(Stored data entries)

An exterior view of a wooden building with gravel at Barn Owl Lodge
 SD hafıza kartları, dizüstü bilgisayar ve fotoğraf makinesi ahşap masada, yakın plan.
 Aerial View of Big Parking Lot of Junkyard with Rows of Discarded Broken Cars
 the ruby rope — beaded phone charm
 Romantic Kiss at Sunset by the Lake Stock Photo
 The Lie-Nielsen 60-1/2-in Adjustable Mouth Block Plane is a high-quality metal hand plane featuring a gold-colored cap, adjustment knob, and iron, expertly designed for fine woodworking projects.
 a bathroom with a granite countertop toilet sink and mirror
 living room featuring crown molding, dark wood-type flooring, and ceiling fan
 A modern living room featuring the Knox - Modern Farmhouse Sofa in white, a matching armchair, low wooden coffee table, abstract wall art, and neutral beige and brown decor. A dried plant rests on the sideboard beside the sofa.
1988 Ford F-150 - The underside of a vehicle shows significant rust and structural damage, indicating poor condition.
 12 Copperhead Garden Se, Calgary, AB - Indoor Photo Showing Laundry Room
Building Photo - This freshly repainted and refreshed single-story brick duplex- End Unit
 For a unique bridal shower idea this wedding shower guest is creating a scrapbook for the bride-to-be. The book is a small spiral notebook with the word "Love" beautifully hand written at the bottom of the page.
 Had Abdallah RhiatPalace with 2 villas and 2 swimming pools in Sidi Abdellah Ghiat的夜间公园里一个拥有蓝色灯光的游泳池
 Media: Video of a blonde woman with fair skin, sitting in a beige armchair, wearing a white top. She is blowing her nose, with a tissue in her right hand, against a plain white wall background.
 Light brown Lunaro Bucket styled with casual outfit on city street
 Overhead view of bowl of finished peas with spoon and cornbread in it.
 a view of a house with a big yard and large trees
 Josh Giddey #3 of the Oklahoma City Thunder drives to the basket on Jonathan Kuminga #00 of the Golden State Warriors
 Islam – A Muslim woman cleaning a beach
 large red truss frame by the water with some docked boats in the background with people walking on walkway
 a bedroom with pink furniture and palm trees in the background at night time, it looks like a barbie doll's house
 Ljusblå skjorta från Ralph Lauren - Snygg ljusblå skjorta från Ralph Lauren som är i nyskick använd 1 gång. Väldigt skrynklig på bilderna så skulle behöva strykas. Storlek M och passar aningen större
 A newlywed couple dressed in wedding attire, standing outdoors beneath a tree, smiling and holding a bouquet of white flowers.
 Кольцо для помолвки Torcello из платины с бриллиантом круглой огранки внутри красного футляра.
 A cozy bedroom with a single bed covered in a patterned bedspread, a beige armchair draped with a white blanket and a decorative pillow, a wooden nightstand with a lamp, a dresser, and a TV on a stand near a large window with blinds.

■ **YOUR ASSIGNMENT**
Nothing but the lines from the top of the entries above through the line with "Building Photo - This" should be set down, each exactly as written.

■ **EXERCISE RESULT**
An exterior view of a wooden building with gravel at Barn Owl Lodge
 SD hafıza kartları, dizüstü bilgisayar ve fotoğraf makinesi ahşap masada, yakın plan.
 Aerial View of Big Parking Lot of Junkyard with Rows of Discarded Broken Cars
 the ruby rope — beaded phone charm
 Romantic Kiss at Sunset by the Lake Stock Photo
 The Lie-Nielsen 60-1/2-in Adjustable Mouth Block Plane is a high-quality metal hand plane featuring a gold-colored cap, adjustment knob, and iron, expertly designed for fine woodworking projects.
 a bathroom with a granite countertop toilet sink and mirror
 living room featuring crown molding, dark wood-type flooring, and ceiling fan
 A modern living room featuring the Knox - Modern Farmhouse Sofa in white, a matching armchair, low wooden coffee table, abstract wall art, and neutral beige and brown decor. A dried plant rests on the sideboard beside the sofa.
1988 Ford F-150 - The underside of a vehicle shows significant rust and structural damage, indicating poor condition.
 12 Copperhead Garden Se, Calgary, AB - Indoor Photo Showing Laundry Room
Building Photo - This freshly repainted and refreshed single-story brick duplex- End Unit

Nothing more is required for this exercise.